Chapter 12: Linear Regression and Correlation
Introductory
- Bivariate data: two variable data
- Multivariate data: more than two variables
12.1 Linear Equations
- y = a + bx: linear regression for two variables is based on a linear equation with one independent variable.
- Independent variable: x
- Dependent variable: y
- Slope: b
- y-intercept: a
- Graph form: a straight line or linear
- B > 0: slopes to the right
- b = 0: horizontal line
- b < 0: slopes downward to the right
12.2 Scatter Plots
- Scatterplot: uses dots to represent values for two different numeric variables.
- Calculator steps for scatter plot
- Enter your X data into list L1 and your Y data into list L2.
- Press 2nd STATPLOT ENTER to use Plot 1. On the input screen for PLOT 1, highlight On and press ENTER. (Make sure the other plots are OFF.)
- For TYPE: highlight the first icon, the scatter plot, and press ENTER.
- For X List, enter L1 ENTER and for Ylist: L2 ENTER.
- For Mark: it does not matter which symbol you highlight, but the square is the easiest to see.
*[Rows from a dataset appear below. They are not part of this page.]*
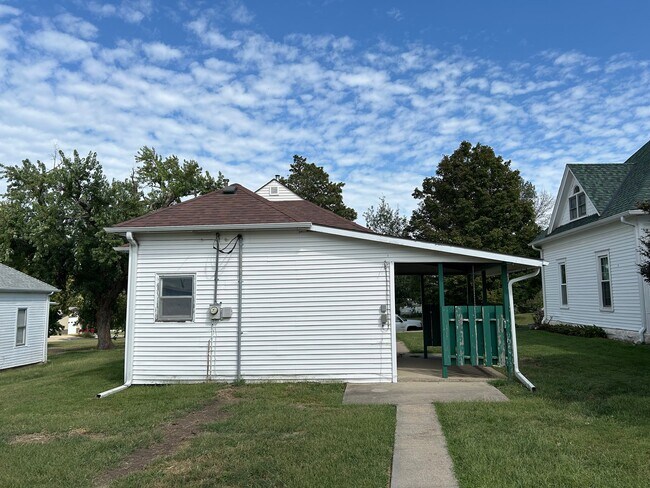 Building Photo - 2008 N St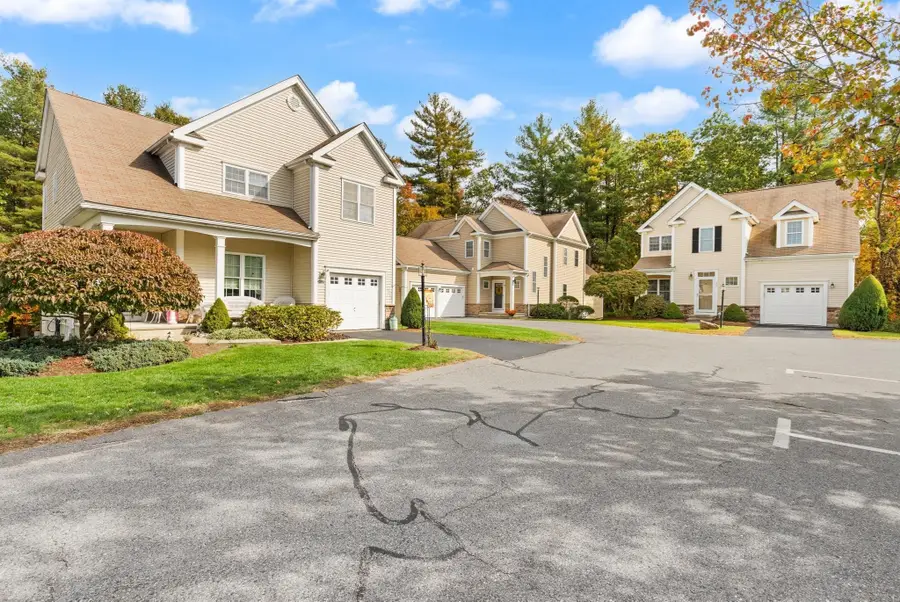 35 Daisy Ln #35, Raynham, MA 02767 - #3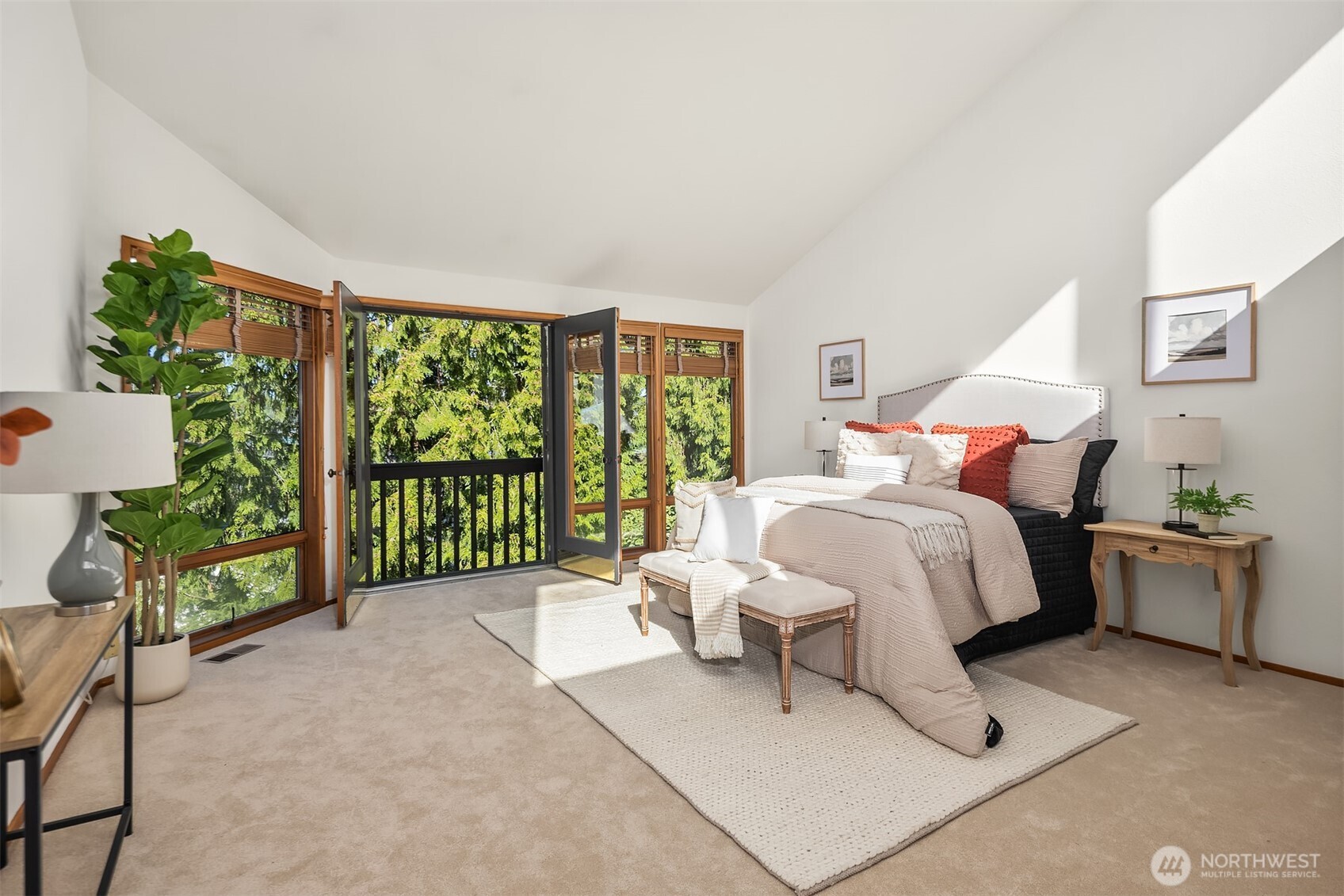 8438 N Mercer Way Mercer Island WA 98040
Press ENTER.
- Make sure there are no other equations that could be plotted. Press Y = and clear any equations out.
- Press the ZOOM key and then the number 9 (for menu item "ZoomStat"); the calculator will fit the window to the data. You can press WINDOW to see the scaling of the axes.
- Scatterplot Direction: High values of one variable occurring with high values of the other variable or low values of one variable occurring with low values of the other variable
- Strength: Looking at how close the points are to the line
- Linear regression: shows the relationship between a dependent and independent variable(s)
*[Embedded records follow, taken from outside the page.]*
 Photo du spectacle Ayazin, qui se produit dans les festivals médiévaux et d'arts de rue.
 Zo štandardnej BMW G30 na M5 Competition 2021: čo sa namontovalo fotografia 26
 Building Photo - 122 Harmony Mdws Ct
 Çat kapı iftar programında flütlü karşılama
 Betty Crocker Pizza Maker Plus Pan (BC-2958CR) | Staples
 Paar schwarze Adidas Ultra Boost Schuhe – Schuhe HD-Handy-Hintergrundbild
12.3 The Regression Equation
Least-Squares Line: You have a set of data whose scatter plot appears to "fit" a straight line
Least-squares regression line: Helps obtain a line of best fit
y hat: estimates value of y
y0 – ŷ0 = ε0: error or residual
Absolute value of a residual: measures the vertical distance between the actual value of y and the estimated value of y
ε: the Greek letter epsilon
Slope equation: b = r (sy / sx)
- sx = the standard deviation of the x values.
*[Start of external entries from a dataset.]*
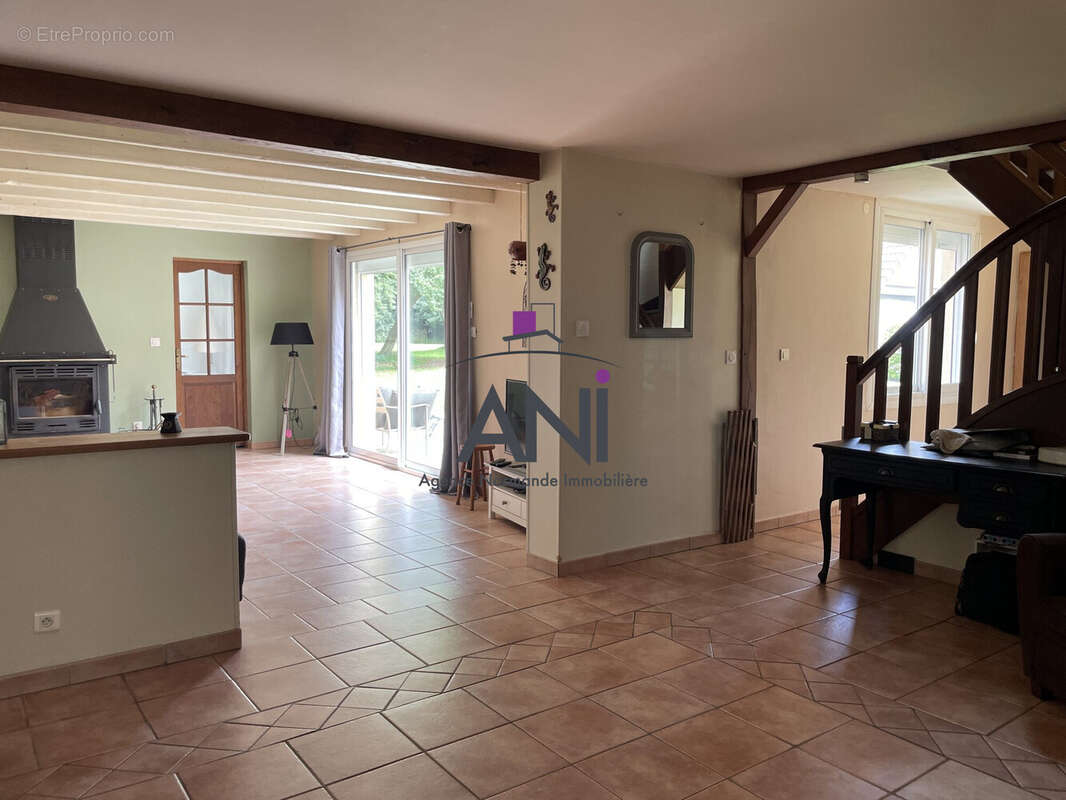 Maison 211 m² à Envermeu  - photo 3
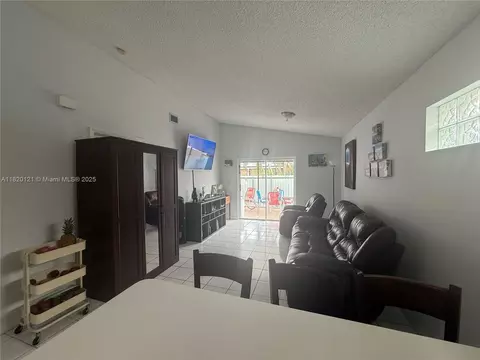 2413 W 73rd Pl, Hialeah, FL 33016 photo 30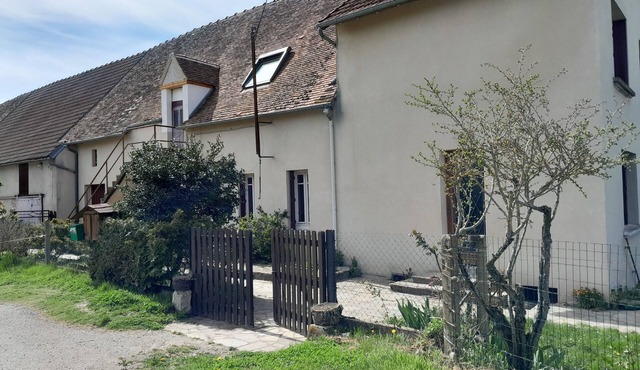 Maison DE Campagne 10-12 Places Avec Étang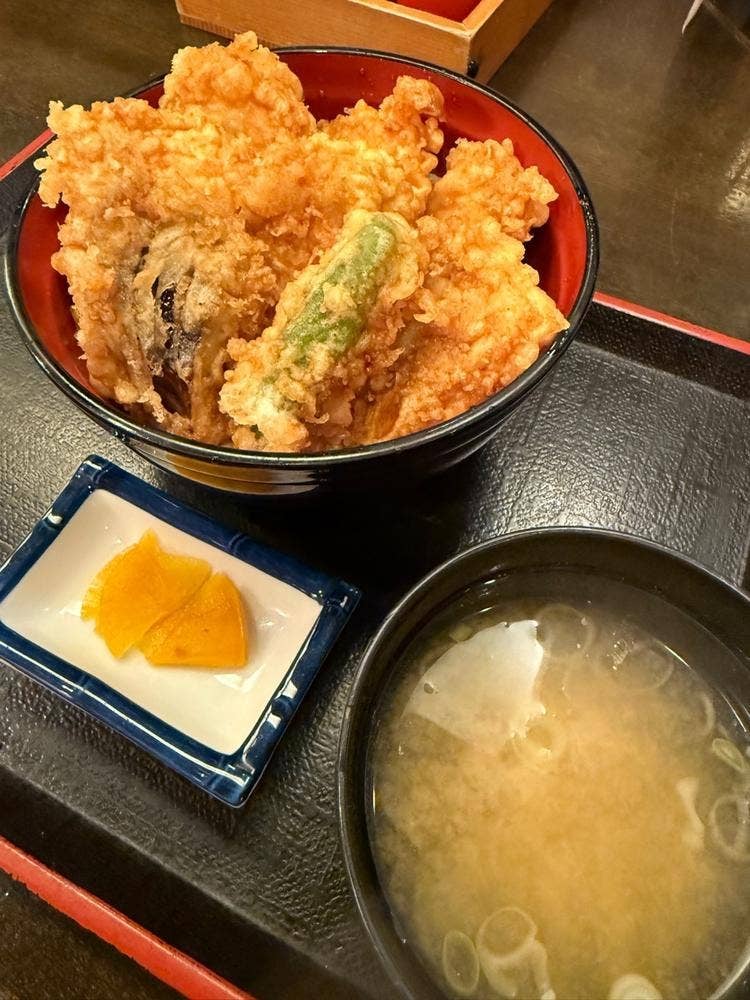 伊勢屋食堂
- sy = the standard deviation of the y values
Interpretation of the Slope: “The slope of the best-fit line tells us how the dependent variable (y) changes for every one unit increase in the independent (x) variable, on average.”
Using the Linear Regression T Test
- In the STAT list editor, enter the X data in list L1 and the Y data in list L2, paired so that the corresponding (x,y) values are next to each other in the lists.
- On the STAT TESTS menu, scroll down with the cursor to select the LinRegTTest.
- On the LinRegTTest input screen enter: Xlist: L1 ; Ylist: L2 ; Freq: 1
- On the next line, at the prompt β or ρ, highlight "≠ 0" and press ENTER
- Leave the line for "RegEq:" blank
- Highlight Calculate and press ENTER.
Correlation coefficient (r): is numerical and provides a measure of strength and direction of the linear association between the independent variable x and the dependent variable y.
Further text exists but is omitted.